La notte del quattordici agosto 1797, i Liberi Fratelli si riunirono davanti la Fontana di Rosea, protetti da uomini armati e sotto i simboli di Carlo V, Gran Maestro dell’Ordine del Toson d’Oro. Quella sera, si offrirono tre uomini per compiere l’attentato. Per scegliere l’esecutore si ricorse al lancio di tre dadi, secondo l’uso del tempo. Lì, quella sera, i dadi decretarono la sorte del Procuratore del Re, Giovanni Pinelli.
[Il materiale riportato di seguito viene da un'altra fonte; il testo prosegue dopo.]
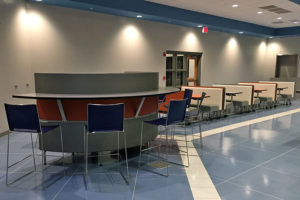 Larson Company - Featured Environments - Food Court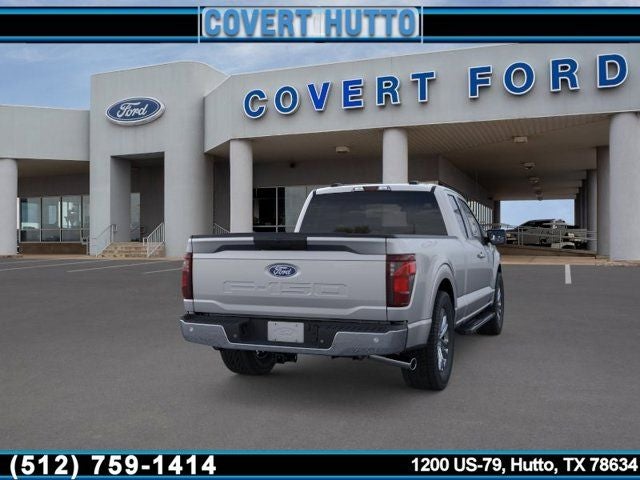 2026 Ford F-150 XLT Loaner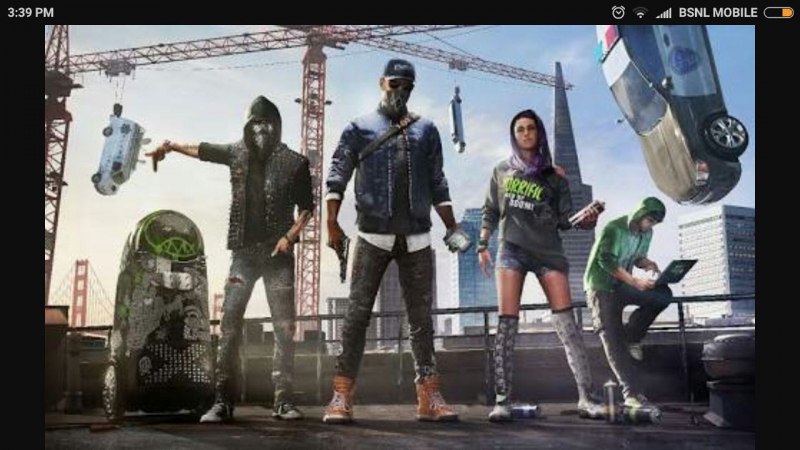 Paranoid Ost Watch Dogs 2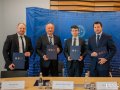 A pécsi egyetemen végzett hallgatók helyben boldogulását is segíti az UniNext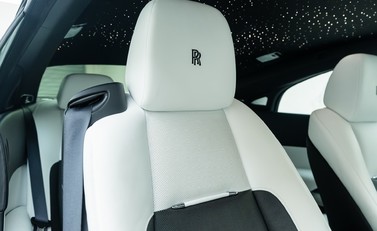 Rolls-Royce Wraith Black Badge 12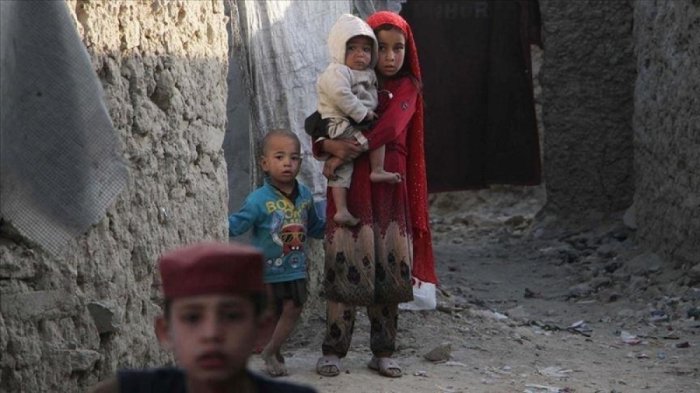    Əfqanıstanda 19 milyon insan acdır   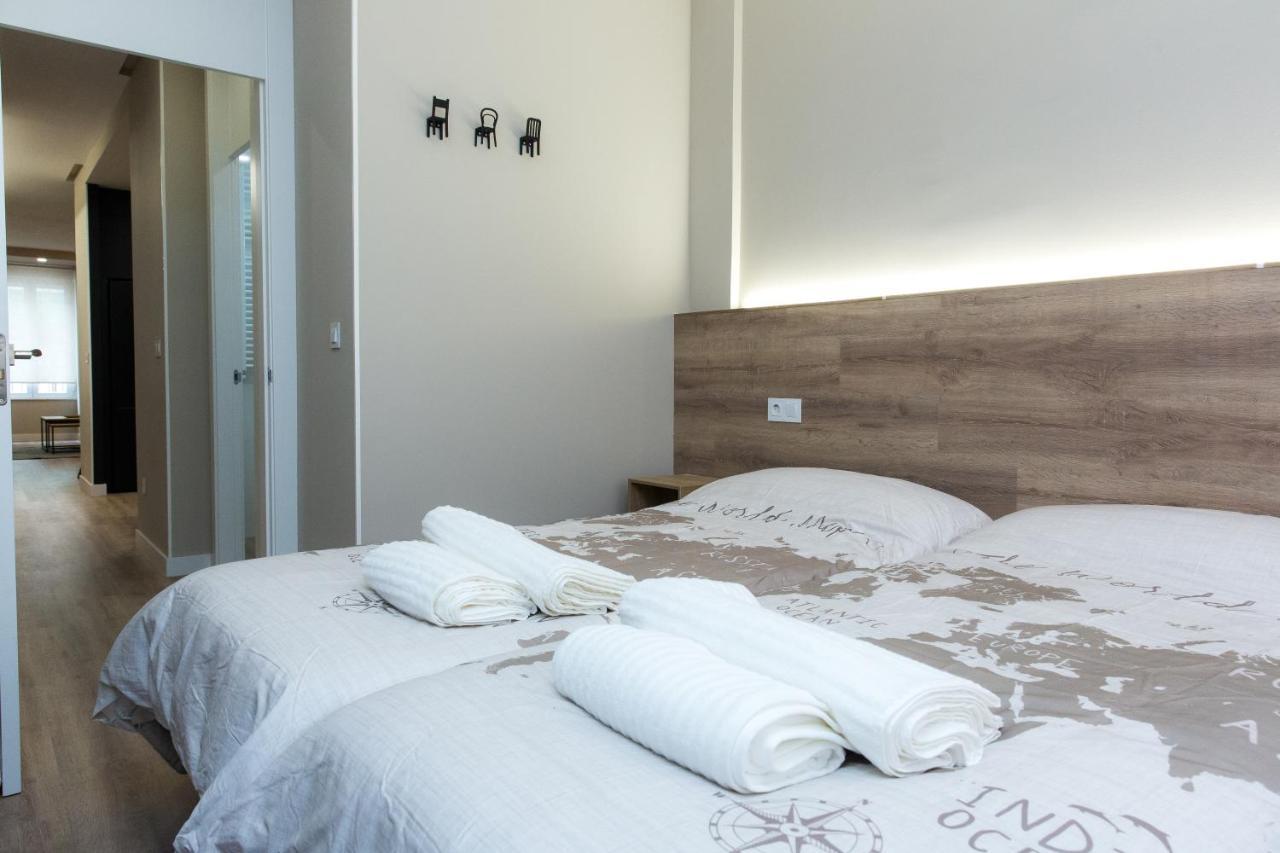 Apartamento Boston - Centro, Nuevo, Confort, Wifi Valladolid Zewnętrze zdjęcie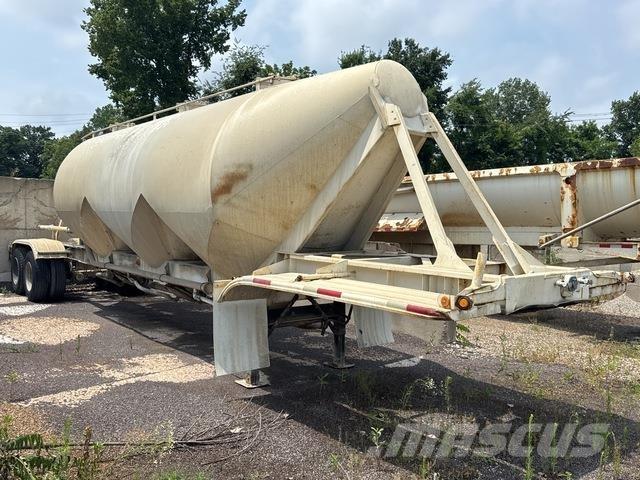Fruehauf  Andre hengere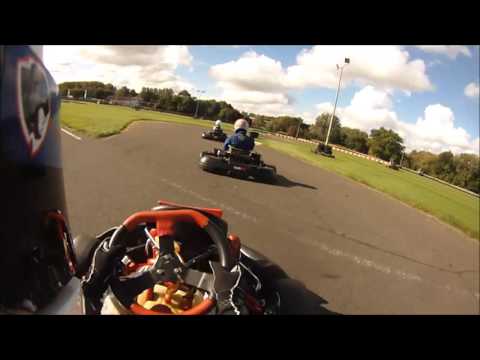Club100 Elite Sprints 2016 Round 9 Whilton Mill Heat 5
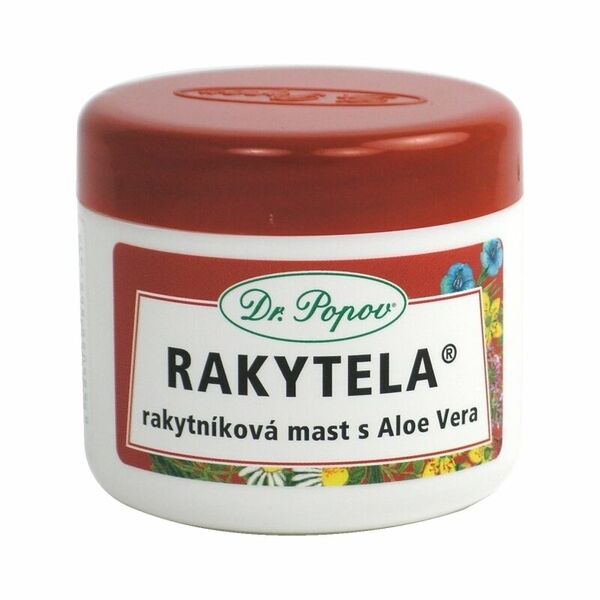 Dr.Popov Rakytela 50ml porovnat ceny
Pinelli venne ucciso la notte del dodici settembre 1797, dopo aver assistito ai fuochi durante la festa della Madonna della Consolazione di Reggio Calabria. Fin qui il racconto di quel signore che, negli anni che vennero, scoprii essere stato uno dei massimi rappresentanti della Massoneria calabrese. Certo, quando scoprimmo i dadi ripensai a quel racconto-favola che ascoltavo ogni anno ed ebbi la conferma che, attraverso le narrazioni orali, si possono scoprire grandi verità storiche.